The line widths in WMS have been receiving huge attention among researchers. However, many of the proposed methods [18–22] cannot effectively suppress the effect of laser intensity fluctuations because the laser should scan across the entire absorption feature. Hangauer et al. [23] put forward a method that reconstructed the laser transmission (used to infer the absolute line shape) by employing the harmonics at a single wavelength. This method can effectively eliminate the effect of laser intensity fluctuation. Nonetheless, a large modulation depth and higher harmonics should be used in measurements.
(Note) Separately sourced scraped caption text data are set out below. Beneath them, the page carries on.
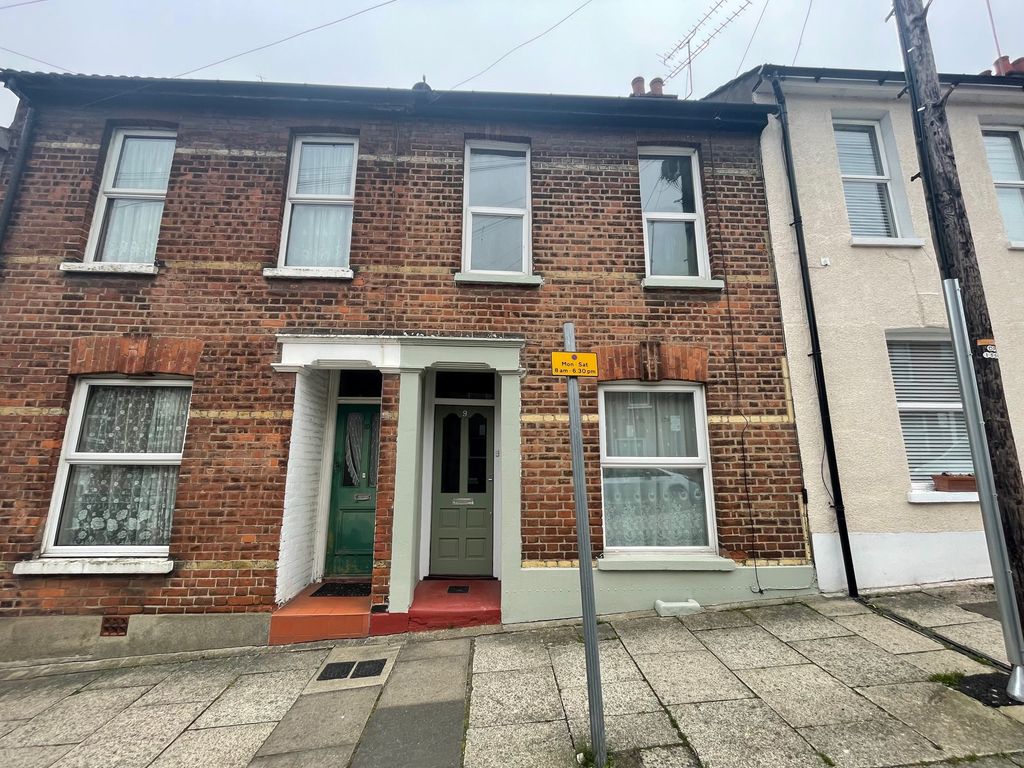 2 bed terraced house to rent in Clarendon Road, Gravesend, Kent DA12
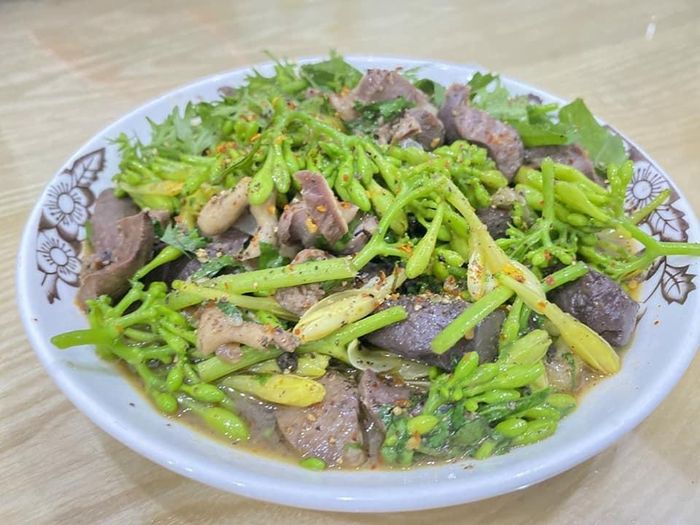 Khi ăn hoa đu đủ đực xào lòng gà cần chú ý lượng cholesterol.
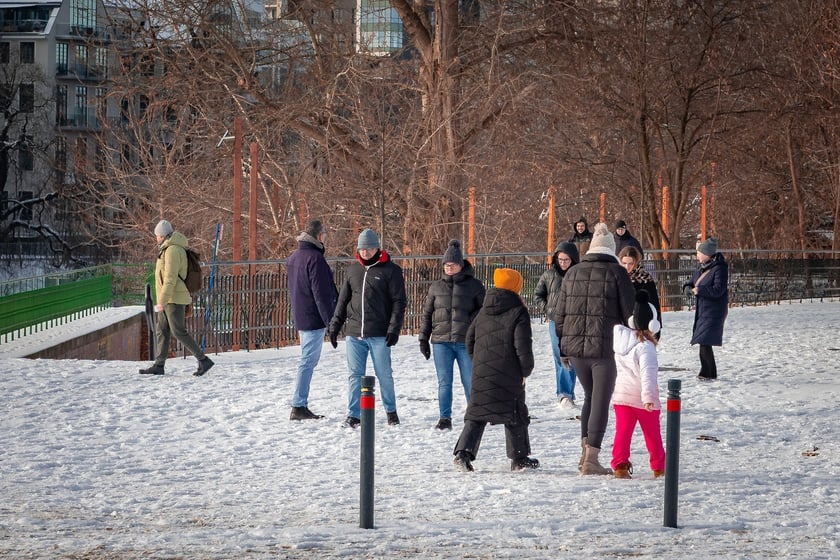 Zimowy niedzielny poranek 4 stycznia 2026 roku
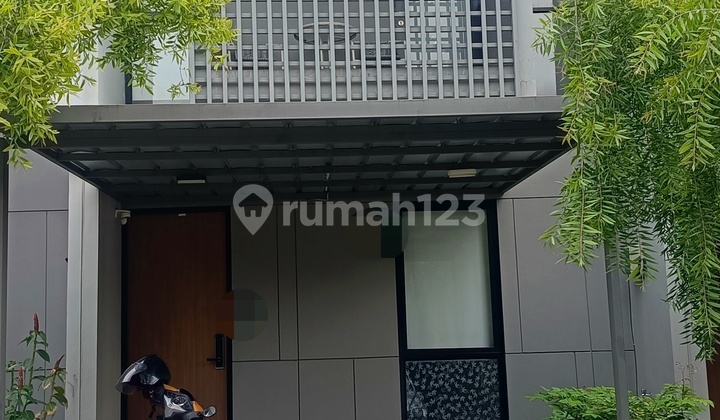 Disewakan Rumah 2 Lantai Full Furnish Cluster O² Grand Wisata Disewakan Rumah 2 Lantai Full Furnish Cluster O² Grand Wisata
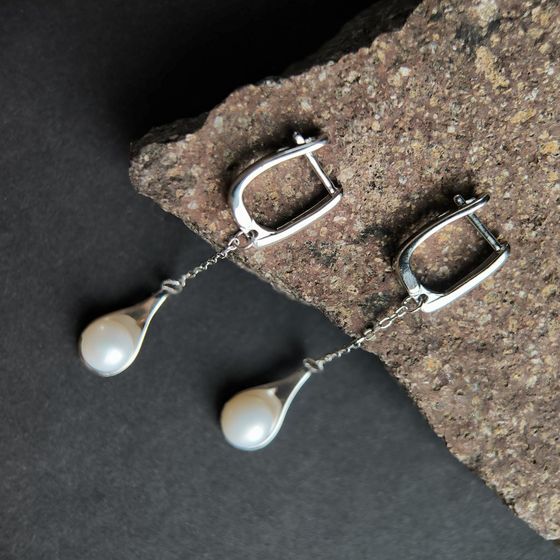 Silver earrings with pearls
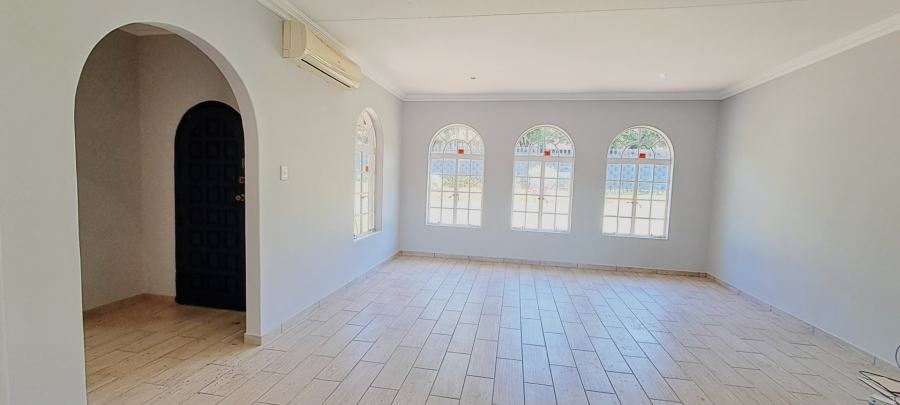 4 Bedroom Property for Sale in Protea Park North West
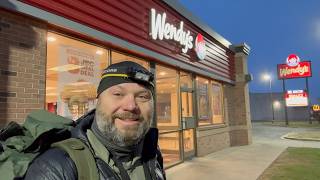 Download Lagu Mijn meest riskante stealthkamp ooit - direct achter Wendy's Drive-thru MP3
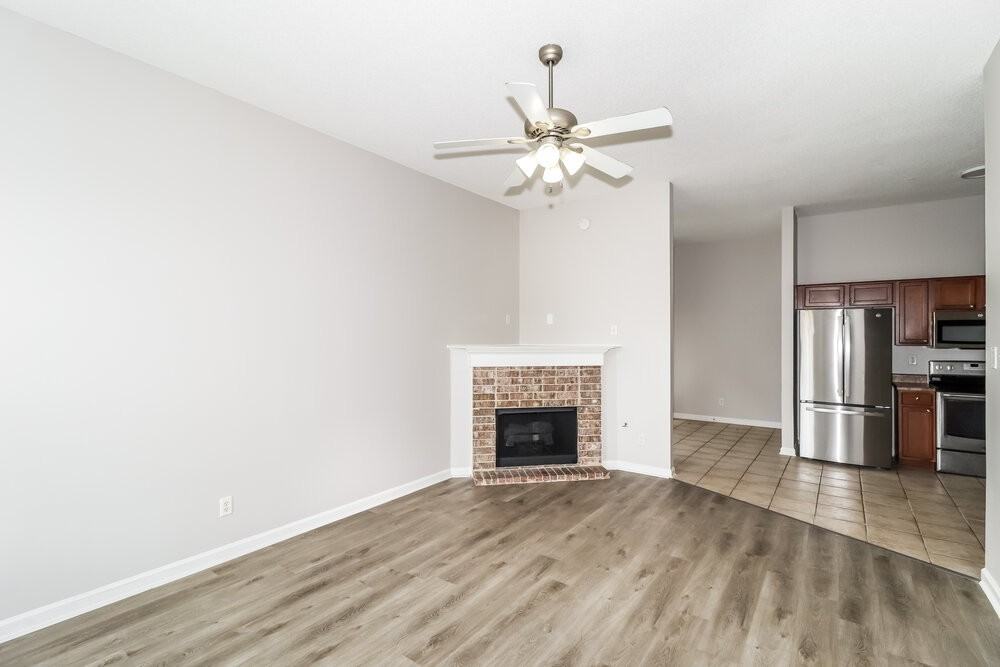 6824 Kamali Ave - Photo 4 of 16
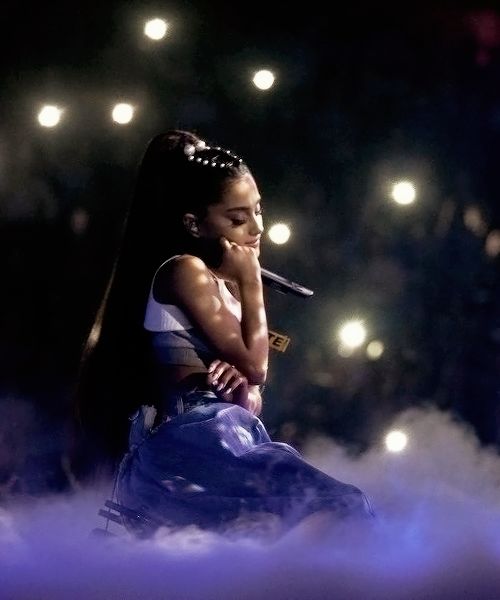 moonlight ariana grande live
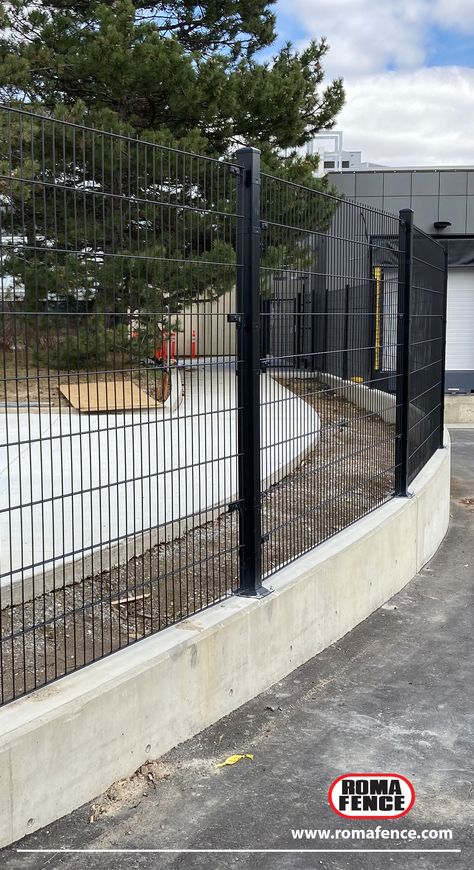 Security Fencing Ideas, High Security Fence, Electric Fence Ideas, Security Fence Residential, Uređenje Dvorišta, Uredenje Dvorista, Security Fencing, Perimeter Security, Snow Fence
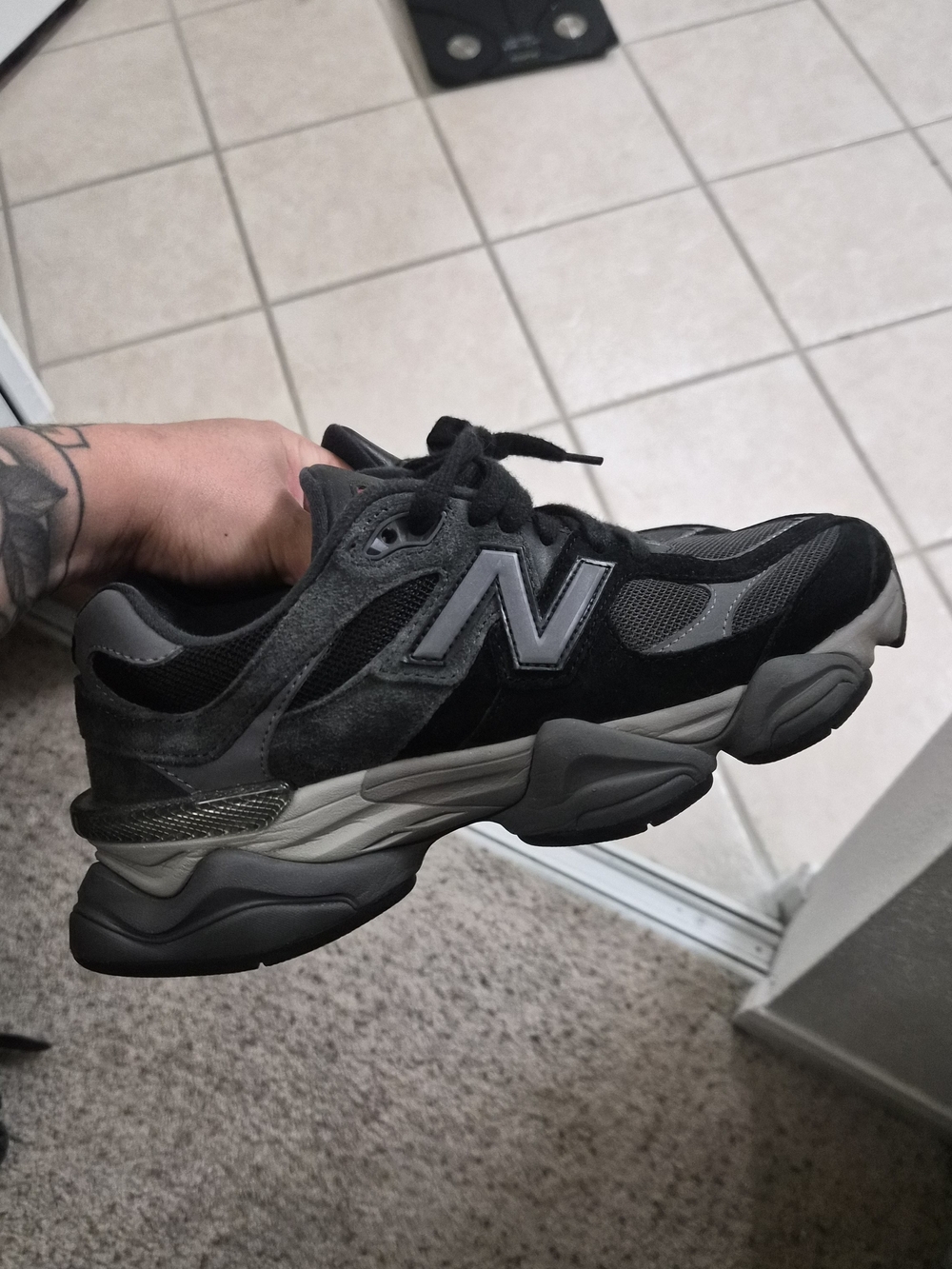 New Balance  Black/Grey Retro Runner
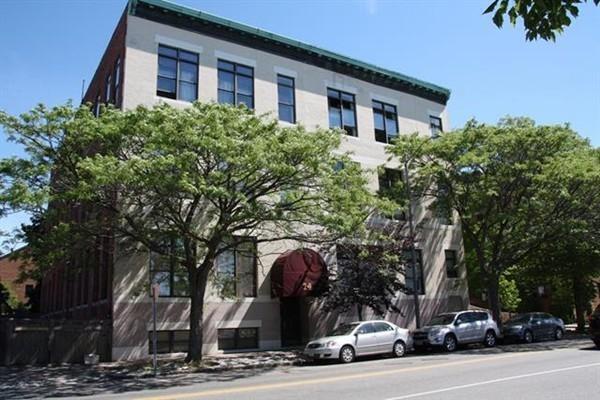 24 Norman St, Unit 24 Norman Street Unit 304 in Salem, MA - Foto de edificio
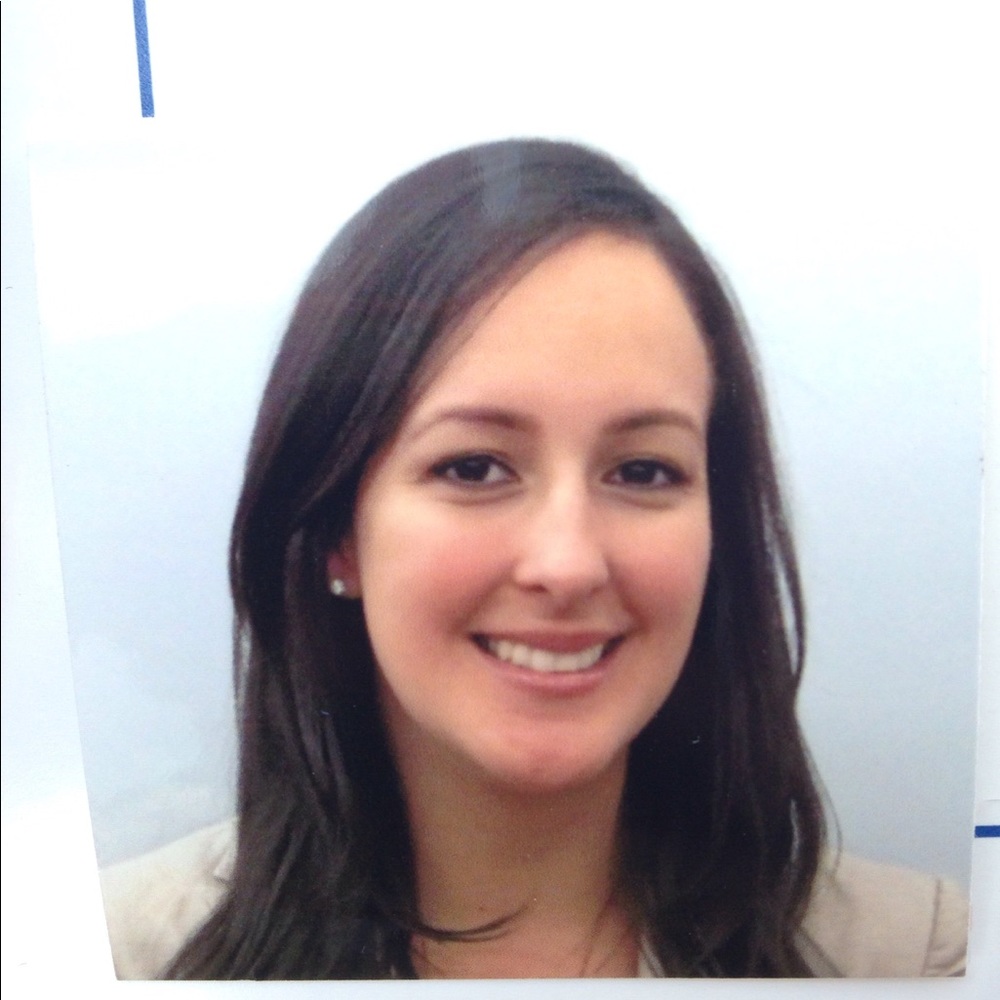 Meet your Posher, Mayralis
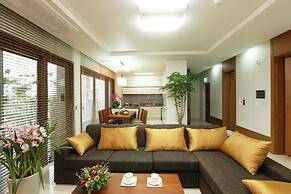 Raon Hotel & Resort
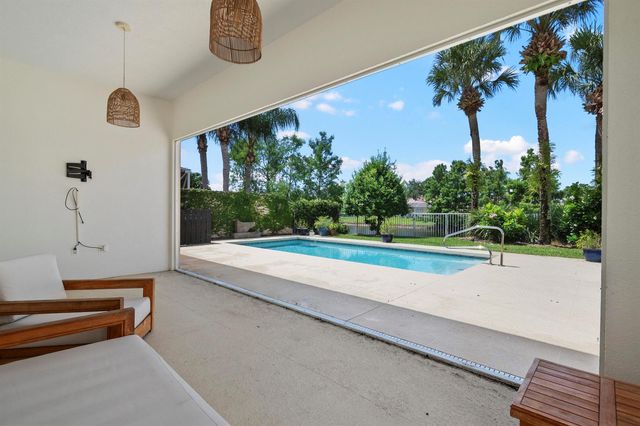 8186 Laborie Lane, Wellington, FL 33414
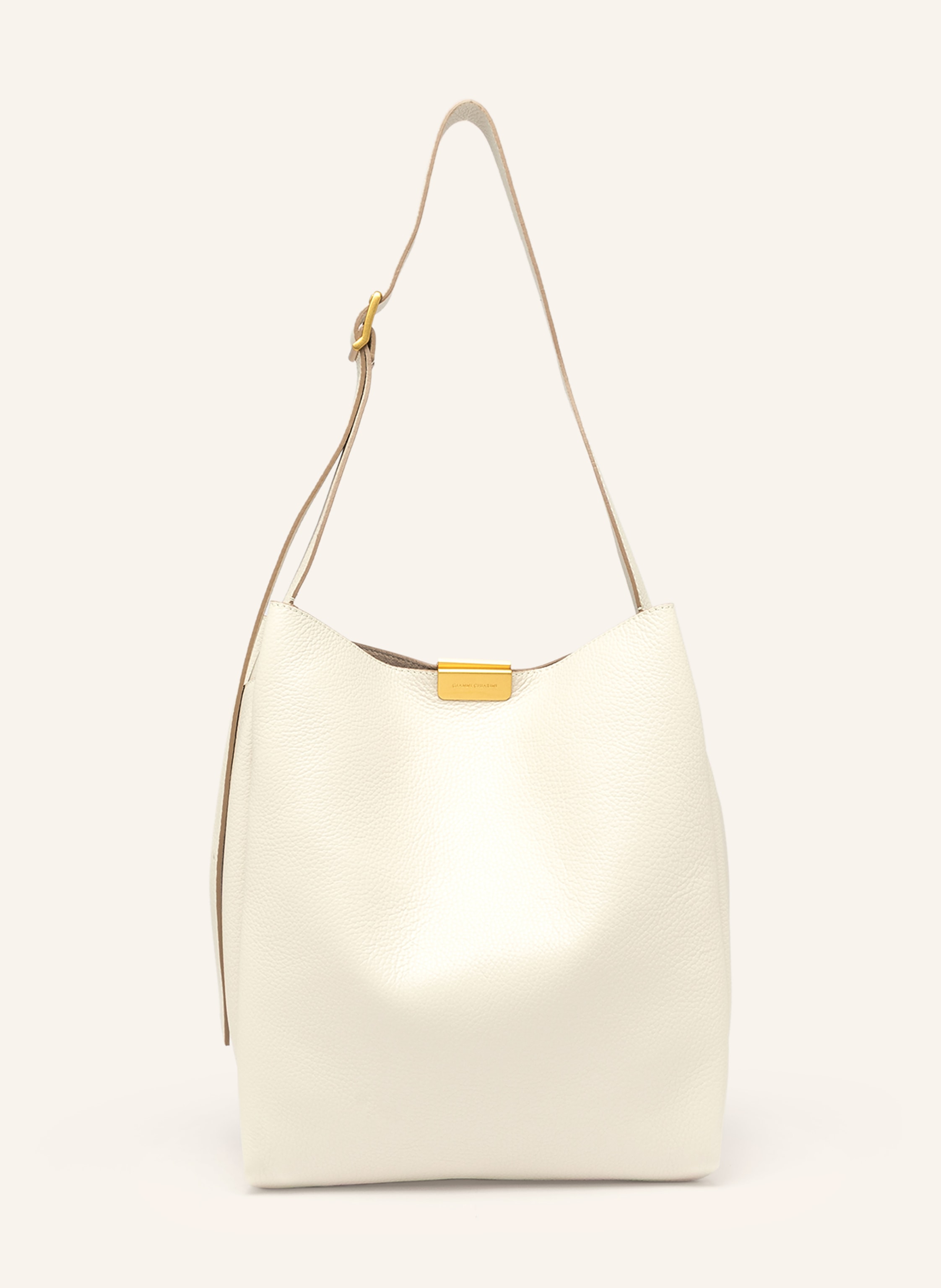 Gianni Chiarini Fixierter Schulterriemen. Längenverstellbarer Schulterriemen. Verstärkter Taschenboden. Steckschließe. Innen ein Hauptfach. Label-Wording. Genarbtes Leder. Unifarben Medium in ecru / gold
For instance, the optimum number of harmonics is 20 when the modulation index is set to 3.0. In actual measurements, the SNR of higher harmonics is too low. Moreover, to detect the higher harmonics, the bandwidth of the detection system should be sufficiently high. Silver et al. [24] proposed a method that uses multiple harmonics to detect the absorption line shape. This invention employed the ratios of various even harmonics at the line center to determine the Lorentzian broadening. This method is useful under low absorption (<5 %). However, the ratios would change if the absorbance increases, which leads to an erroneous measurement of line width. Meanwhile, as noted in the Figs. 4 and 5 in Ref. [24], the amplitudes of the high even harmonics (e.g., 4th, 6th, and 8th) sharply decreased. Thus, large modulation depths (modulation index (m) is more than 10) were used to improve the SNR. Nevertheless, such over-modulation enhances the background signals, which has adverse effects on the measurement results [25–27].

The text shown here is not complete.